I’ve seen this happen to people who want to write a book. You might bravely say, “I’m going to write a book next year,” and the other person says, “That would be fantastic! But isn’t it hard to get published? But did you struggle with English essays in high school? But didn’t you spend more time playing sports and chasing girls than going to class? But have you ever tried to write a book before? But aren’t you a little young? But aren’t you a little old?”

The seemingly well-meaning comments pull you right back to that young child you once were, and you start to doubt whether this big goal of writing is even possible for you. The limitations feel more real and suffocating than ever before.

These are limiting beliefs.

Limiting beliefs are the doubtful questions that insinuate that success is highly improbable or impossible. If you want to write a book, some limiting beliefs might look like this:

  • Good writers got good grades in school.
  • Good writing uses flowery language and long words.
  • Good writers get a contract with a traditional publisher before writing a book.
  • Good writing should be grammatically correct, even from the first draft.
  • Good writers are usually poor, probably for their whole lives.
  • Good writing is a long, painful struggle with little reward.

Do any of those sound familiar?

And limiting beliefs aren’t necessarily ever voiced by anyone. Maybe you grew up with supportive parents and encouraging teachers. But messages like this float around, hard to grasp, but as real as the air we breathe.

How can we act, despite limiting beliefs?

The courage to act, in the face of a limiting belief, starts with simply acknowledging the limiting belief.

In fact, going home for the holidays is a great way to acknowledge a limiting belief.

Start a conversation with a straightforward statement, “I’m actually writing a book and planning to publish next year.”

Take note of what the other person says. It might be encouraging, at first, but they’ll likely follow up with something that’s questioning or doubtful.
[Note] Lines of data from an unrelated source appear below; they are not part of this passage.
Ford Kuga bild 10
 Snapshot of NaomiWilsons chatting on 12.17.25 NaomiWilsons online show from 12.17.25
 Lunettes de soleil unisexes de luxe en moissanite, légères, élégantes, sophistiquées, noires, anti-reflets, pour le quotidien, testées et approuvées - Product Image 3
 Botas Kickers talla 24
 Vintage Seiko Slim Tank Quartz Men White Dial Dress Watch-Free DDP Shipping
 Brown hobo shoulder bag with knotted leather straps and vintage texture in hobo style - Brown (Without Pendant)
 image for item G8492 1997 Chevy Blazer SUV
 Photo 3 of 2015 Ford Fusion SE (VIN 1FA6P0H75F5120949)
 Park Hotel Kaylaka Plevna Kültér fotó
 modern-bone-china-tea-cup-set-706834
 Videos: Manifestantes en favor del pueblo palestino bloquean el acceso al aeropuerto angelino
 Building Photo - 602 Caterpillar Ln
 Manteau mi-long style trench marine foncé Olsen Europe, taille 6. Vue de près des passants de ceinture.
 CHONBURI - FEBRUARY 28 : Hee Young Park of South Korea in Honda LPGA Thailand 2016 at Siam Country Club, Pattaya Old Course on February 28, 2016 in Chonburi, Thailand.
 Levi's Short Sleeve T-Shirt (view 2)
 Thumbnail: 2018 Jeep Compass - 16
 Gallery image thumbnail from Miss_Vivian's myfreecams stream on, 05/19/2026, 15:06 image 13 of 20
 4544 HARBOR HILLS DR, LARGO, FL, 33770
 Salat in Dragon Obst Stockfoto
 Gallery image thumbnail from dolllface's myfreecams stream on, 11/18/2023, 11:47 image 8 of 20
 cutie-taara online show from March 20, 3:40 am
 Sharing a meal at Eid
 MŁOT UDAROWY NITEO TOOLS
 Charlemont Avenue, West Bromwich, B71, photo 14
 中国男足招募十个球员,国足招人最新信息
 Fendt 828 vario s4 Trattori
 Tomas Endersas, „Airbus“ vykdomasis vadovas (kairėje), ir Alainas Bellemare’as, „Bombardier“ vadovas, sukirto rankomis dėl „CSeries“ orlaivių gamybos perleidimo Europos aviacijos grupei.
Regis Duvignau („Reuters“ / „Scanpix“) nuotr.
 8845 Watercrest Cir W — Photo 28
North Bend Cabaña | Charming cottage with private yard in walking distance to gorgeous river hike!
Literally, write down what worry or concern they voice.

THAT limiting belief is in your mind, already. THAT limiting belief is taking away your courage to act, even now. THAT limiting belief is something that some part of you believes, too, even without you realizing it.

But now you have a name for it. You can put words to the limiting belief. And that’s the first step in being able to pursue your big, bold, audacious goal, in spite of that very limiting belief.

So, go ahead. Start a holiday conversation with your big goal, and take note (literally, in a notebook) of what worries/concerns/doubts people voice back to you. And let me know what limiting beliefs you already know you’re up against. Maybe it’ll help someone else identify their limiting belief!